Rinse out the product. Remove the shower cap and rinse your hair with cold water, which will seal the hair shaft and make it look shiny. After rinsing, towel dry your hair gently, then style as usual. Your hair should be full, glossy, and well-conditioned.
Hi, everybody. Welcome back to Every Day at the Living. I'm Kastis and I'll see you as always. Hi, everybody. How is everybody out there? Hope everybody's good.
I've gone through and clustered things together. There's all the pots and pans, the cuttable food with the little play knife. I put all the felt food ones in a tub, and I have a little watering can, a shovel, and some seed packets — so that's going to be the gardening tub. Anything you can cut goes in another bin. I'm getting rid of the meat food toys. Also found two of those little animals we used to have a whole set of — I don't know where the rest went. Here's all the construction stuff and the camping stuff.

######

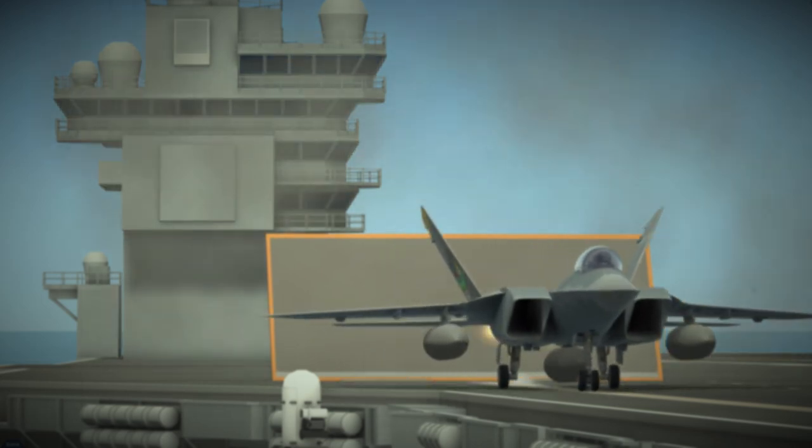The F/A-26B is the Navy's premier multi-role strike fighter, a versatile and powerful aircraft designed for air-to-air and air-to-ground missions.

######

Gather up, from the records above, each line where the word "with" appears.

--- REPLY ---
Rinse out the product. Remove the shower cap and rinse your hair with cold water, which will seal the hair shaft and make it look shiny. After rinsing, towel dry your hair gently, then style as usual. Your hair should be full, glossy, and well-conditioned.
I've gone through and clustered things together. There's all the pots and pans, the cuttable food with the little play knife. I put all the felt food ones in a tub, and I have a little watering can, a shovel, and some seed packets — so that's going to be the gardening tub. Anything you can cut goes in another bin. I'm getting rid of the meat food toys. Also found two of those little animals we used to have a whole set of — I don't know where the rest went. Here's all the construction stuff and the camping stuff.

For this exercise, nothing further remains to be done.